What is faster, abs(x) or x^2?

I need to compare many values to one. What would be faster:

Option A:

for i = 1 : N 
    if abs(arr[i]) > someValue
        doSomething(i);
    end
end

Option B:

someValueSquared = someValue^2;

for i = 1 : N 
    if arr[i] ^ 2 > someValueSquared
        doSomething(i);
    end
end

For me it’s an inner loop over the same big array and comparison is made WAY more often than doSomething(i). Which one should I choose?

The operations are too fast to directly benchmark them with BenchmarkTools.

Hi, @azadoroz, welcome to this forum!

Actually, with a enough size it could be measured:

using BenchmarkTools

function main() # It is good to measure performance in functions
    M = rand(5_000_000); # Random vector of 5M values
    result = similar(M); # Reserve memory for the output
    @btime map!(abs, result, M); # Time for abs 
    @btime map!(x->x^2, result, M); # Time for ^2
    return # It is like return nothing, to avoid return a vector
end
main()

Actually, the times are very similar, so it does not matter. Anyway, each one of then do a completely different operation. If you have considering it for measuring errors or distances, it is better to use specific packages (but it could be great to learn).

4 Likes

If you are working with complex numbers then it’s better to use abs2

6 Likes

Hi, @dmolina, thank you!

You are right, it is all about measuring distances, but it’s not about calculating them (I mean, there is pretty much nothing new can be done here, squares are squares), the part I was concerned about is comparing.

Still, it seems weird to me. Square means calling function that calculates power, x*x would mean multiplication - OK, Julia knows that my power is integer so these two could be similar. But abs, that should check a certain bit and flip it if true (or just set it to false if this is faster), it should be a completely different story. I did run similar benchmark, but I thought that something else is time-consuming, like memory usage, and that leads to such similar benchmarks.

function calculateAbs(arr) 
    c=zeros(length(arr)); 
    for i = 1 : length(arr)
        c[i]=abs(arr[i]);
    end; 
    return c;
end

function calculateSquare(arr) 
    c=zeros(length(arr)); 
    for i = 1 : length(arr)
        c[i]=arr[i]^2;
    end; 
    return c;
end

abs_res = @benchmark calculateAbs(a)
mean(abs_res.times)
5.469088572e8

sqr_res = @benchmark calculateSquare(a)
mean(sqr_res.times)
5.373044501e8

Less than 2% difference… It’s just suspicious.

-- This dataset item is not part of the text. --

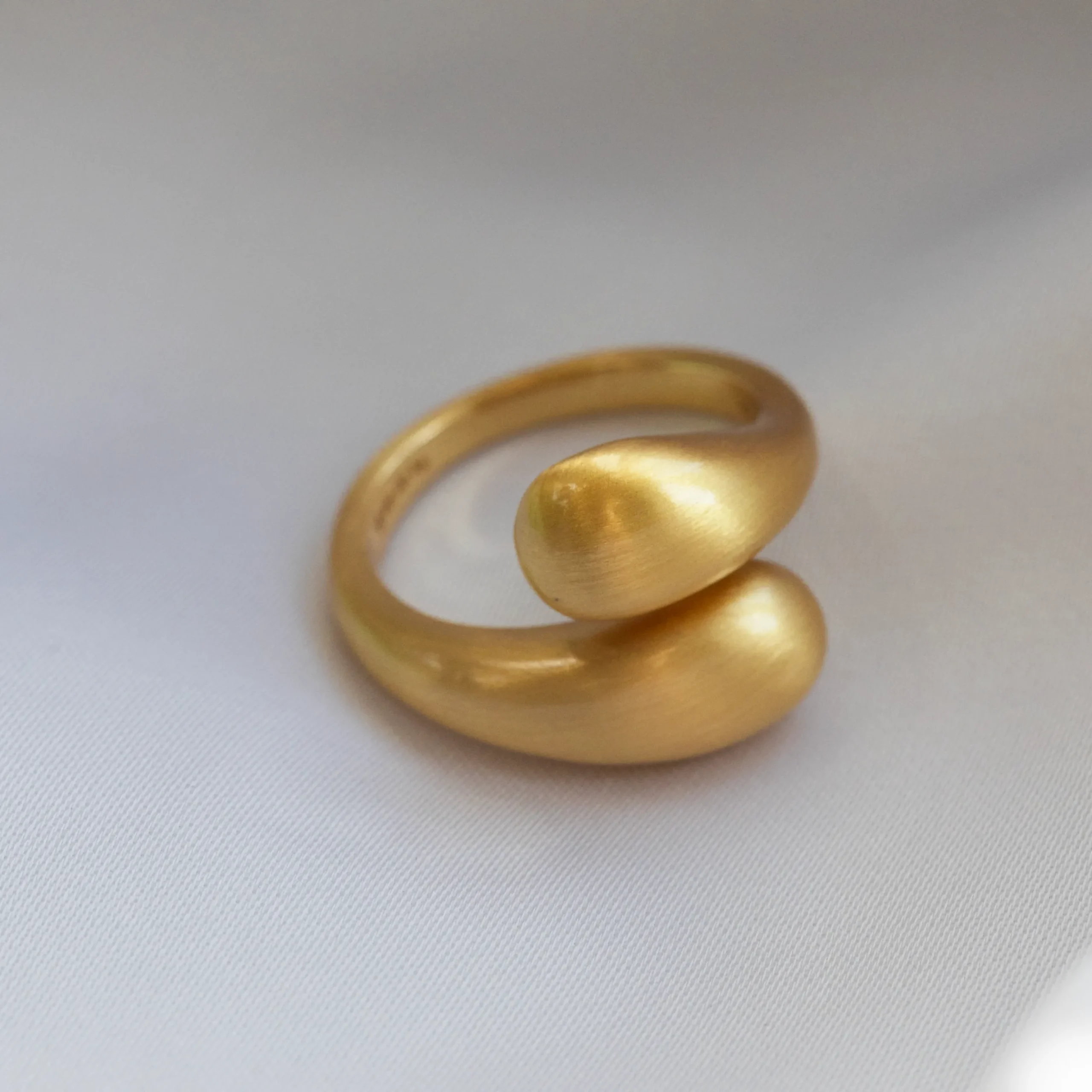 byBiehl® Danmark Guldringe<Ocean Flow Duo ring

Hi, @Skoffer, no, these are just real numbers, but thank you, I haven’t seen abs2 before. There are complex numbers in the project, so probably I’ll use it.

abs(x) and x*x actually both compile down to a simple assembly instruction and both are implemented in hardware, so both of them shouldn’t take longer than a single clock cycle. There might have to be an additional mov instruction for multiplication, since you have to fill two registers instead of one, but level 1 cache is so much faster than your main system memory and modern CISC architectures are really efficient handling that sort memory access, so I wouldn’t expect this to really make a difference. Generally, for simple \mathcal O(n) loops like this, you are mostly limited by memory access, so the potential for optimization is pretty limited, if all your data is stored in a contingent array.

8 Likes

@simeonschaub, oh, right. I forgot that square is implemented into processor. Thanks, now it all makes sence. One clock for each, 64-bit architecture and 64-bit Floats, nothing to be different.

Oh, I missed to explain, that integer powers are actually special cased in the Julia parser and powers of 0, 1, 2 and 3 are just implemented as multiplication here and don’t fall back to the generic power by squaring algorithm, which would be slower for these small powers. So x^2 in Julia is actually equivalent to x*x.

7 Likes

You are measuring mostly memory access and loop overhead with these benchmarks. Here is an example, which “proves” that abs and ^2 are free:

a = rand(1000)

function fs(a)
  r = 0;
  for x in a
    r += x^2
  end
  return r
end

function fa(a)
  r = 0;
  for x in a
    r += abs(x)
  end
  return r
end

function fn(a)
  r = 0;
  for x in a
    r += x
  end
  return r
end
julia> @benchmark fs($a)
  minimum time:     1.091 μs (0.00% GC)

julia> @benchmark fa($a)
  minimum time:     1.075 μs (0.00% GC)

julia> @benchmark fn($a)
  minimum time:     1.079 μs (0.00% GC)

These three functions produce virtually identical timings on my PC. When you add a bit more work inside the loop, you will start seeing that ^2 is more expensive than abs:

function fs(a)
  r = 0;
  for x in a
    r += ((x^2-r)^2-x)^2
  end
  return r
end

function fa(a)
  r = 0;
  for x in a
    r += abs(abs(abs(x)-r)-x)
  end
  return r
end
julia> @benchmark fs($a)
  minimum time:     5.404 μs (0.00% GC)

julia> @benchmark fa($a)
  minimum time:     4.062 μs (0.00% GC)

On Intel 9th Gen. CPUs, FABS instruction (floating point absolute value) is a bit less computationally expensive that FMUL (floating point multiply). The difference heavily depends on context, but it shows in benchmarks above.

13 Likes

I’m not sure that’s a fair benchmark, since fs returns Inf, whereas fa returns 0.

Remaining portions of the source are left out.